Ghost Quartet review: Atmospheric musical is a distinctive opener for new Boulevard Theatre

1/9
Nick Curtis @nickcurtis1 November 2019

Great building, strange show. Soho’s Boulevard has been reinvented and reborn as an intimate, in-the-round performance space, apparently of great versatility, by SODA architects and theatre designers Charcoalblue.

It’s a pretty amazing thing to find wedged into a tight corner of Soho and will be even better once it’s been lived in and roughed up a bit.

American writer-composer Dave Malloy’s atmospheric, elliptical song cycle about “love, loss and ghosts”, though performed with brio by a versatile foursome of actor musicians, is less of an obvious, immediate hit. But it’s a distinctive opener for owner Fawn James and artistic director Rachel Edwards that says: this is how we do things here.

Ranging from jazz to folk to cabaret, Malloy’s music conjures up a hazy world of stargazers and storytellers, whisky drunks and unquiet spirits. Scheherazade is a recurring character, as are Edgar Allen Poe’s Usher family. Other stories entwine: of jealous Rose, who made a violin from her sister’s breastbone, and of a horrific accident on the New York subway.

Director Bill Buckhurst – forever to be famous for staging Sweeney Todd in a pie shop in Tooting - keeps things relaxed and convivial.

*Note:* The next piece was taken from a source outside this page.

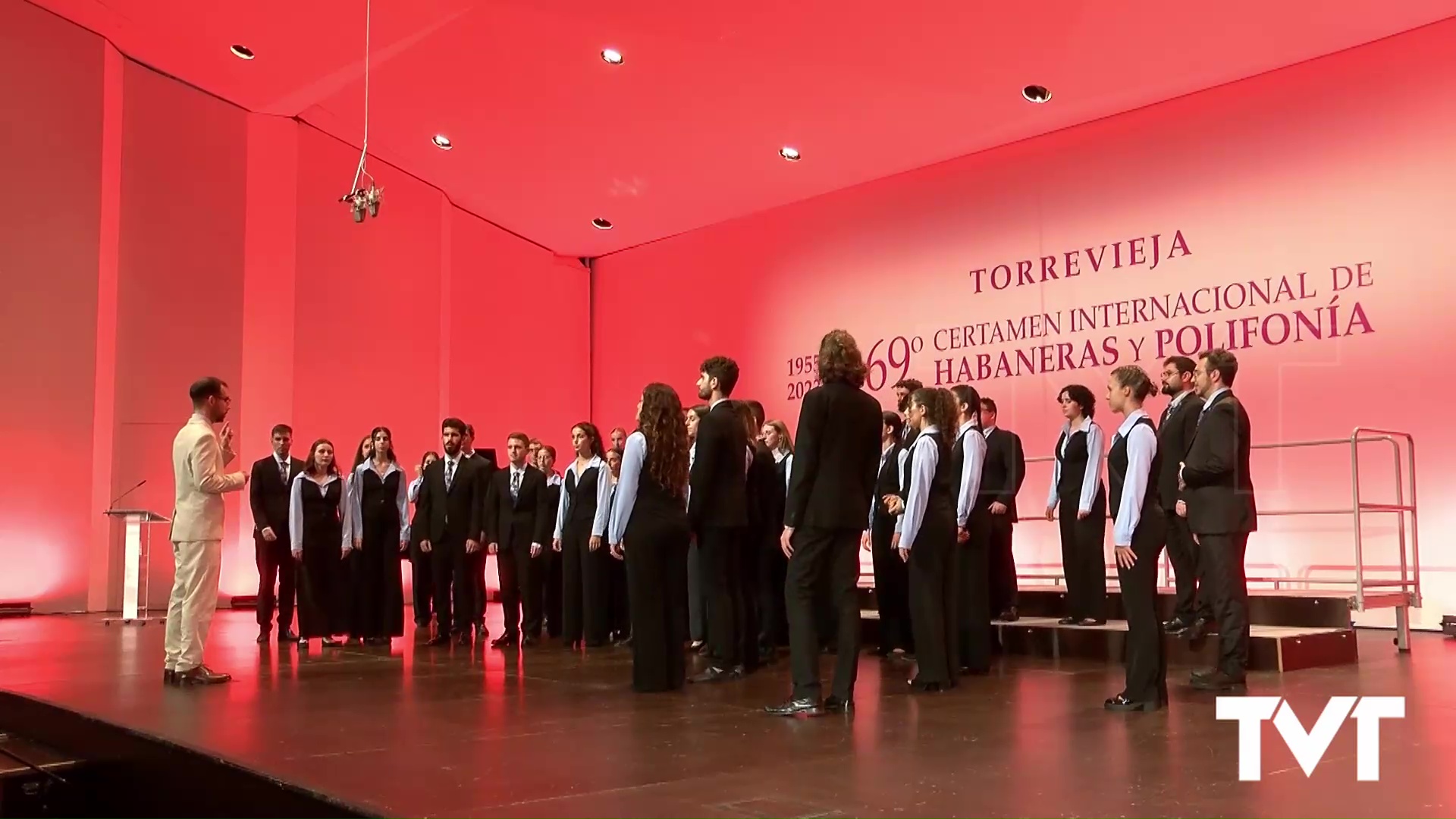 Imagen de Todo listo para que arranque el 70º Certamen Internacional de Habaneras y Polifonía de Torrevieja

The songs are introduced as if by the track listing for a two-disc concept album. Some are touching, others merely diverting, such as The Astronomer, whose titular hero aspires to sing in church. “Practice, practice!” admonish the other cast members.

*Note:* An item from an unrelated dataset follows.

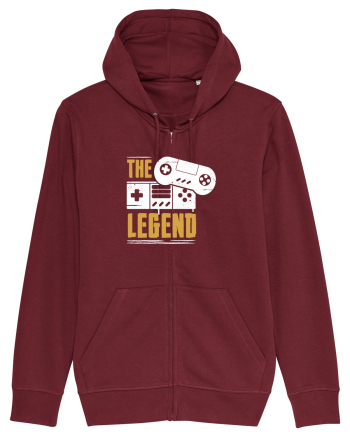 The Legend Burgundy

They themselves sing beautifully, especially Carly Bawden and Maimuna Memon, who also cover zither, drums and xylophone. Zubin Varla is the father figure behind the keyboards and Niccolò Curradi majors on cello.

They share an easy rapport, and also a few glasses of whisky, with the audience. The final song, The Wind & Rain, is beautiful, and the way the performers cede the stage gradually to us is one of the loveliest moments I’ve witnessed in a theatre recently.